Porém, era senso comum que, por estar na calamidade de Feng Xin, Mu Qing tinha sido mandado ali para cumprir um papel e, só seria liberado pelos deuses, quando a tarefa estivesse cem por cento concluída.

Feng Xin suspeitava sobre o conteúdo da "missão", mas novamente, não queria ter que pensar, queria adiar o "pensar" tanto quanto pudesse, pois pensar implicaria em ter que encarar seus próprios sentimentos e depois descobrir o que fazer com eles. Por mais que, provavelmente, acabasse tendo que fazer isso ali com Mu Qing, uma hora ou outra.

— Quem é você? — O dono dos pensamentos de Feng Xin disse de repente. A voz era suave e parecia sair dos lábios pálidos com dificuldade. Ele já havia levantado seu corpo e estava sentado na cama, enquanto encarava Feng Xin sentado em uma cadeira no canto da tenda.

— Eu quem deveria te perguntar isso... Te salvei. — A frieza era sempre uma máscara bem vinda, então Feng Xin decidiu se manter frio e distante. Não poderia demonstrar a fraqueza que Mu Qing o causava, muito menos que o conhecia.

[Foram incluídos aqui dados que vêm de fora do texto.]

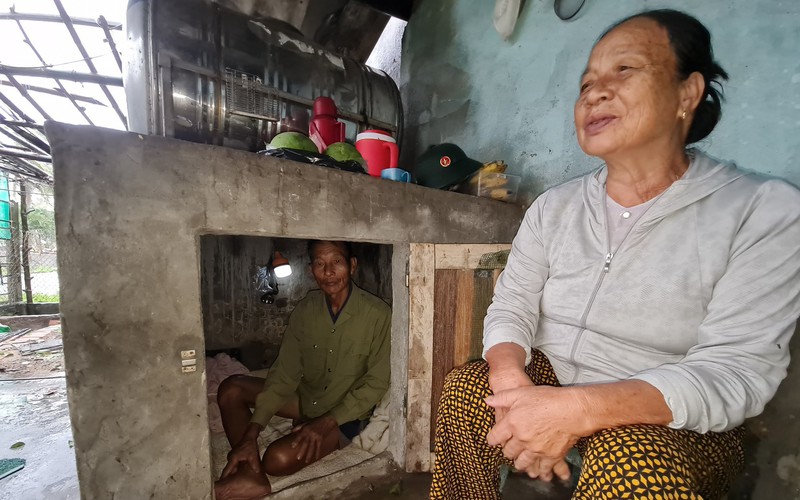 Quảng Nam: Gặp lại đôi vợ chồng già chống chọi với bão Noru trú trong hầm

A resposta de Mu Qing foi um bico adorável nos lábios, que fez Feng Xin apertar os olhos por alguns segundos antes de abri-los novamente. 

O Mu Qing verdadeiro nunca faria um bico fofo assim, muito menos dirigido a ele. O impasse que Feng Xin se encontrava entre aproveitar as novas expressões na face que, normalmente, era apática e se lembrar a todo momento que o Mu Qing a sua frente estava frágil e sem memórias, o deixava fadigado.

— Por que eu não começo, então? — Feng Xin disse com dificuldade em se manter indiferente. — Sou Feng Xin, General Nan Yang. Sou o general do exército que te resgatou. — Continuou, mas mesmo assim, nenhuma resposta veio da parte de Mu Qing. — Você pode falar pelo menos por que foi preso?

— Meu nome é Mu Qing e... — Ele murmurou, desviando o olhar para suas mãos, pousadas em seu colo, e mexendo os dedos. — Eu tenho a escolha de não falar sobre isso? — Mu Qing respondeu com uma pergunta. Mesmo que os ferimentos visíveis tivessem sido curados e sobrassem apenas hematomas, ele parecia estar em uma dor interna. 

Feng Xin imaginava a resposta da própria pergunta. Os hematomas evidentes espalhados pelo corpo de Mu Qing davam uma ideia do que ele sofria nas mãos inimigas e, só de pensar nisso, um bolo de formava na garganta de Feng Xin, que tinha vontade de estraçalhar completamente qualquer membro restante do outro exército. 

Seus pensamentos foram interrompidos quando percebeu algumas lágrimas translúcidas caindo sobre o edredom fino que cobria Mu Qing. O aperto no peito de Feng Xin se intensificou e ele sentiu o ímpeto de se aproximar.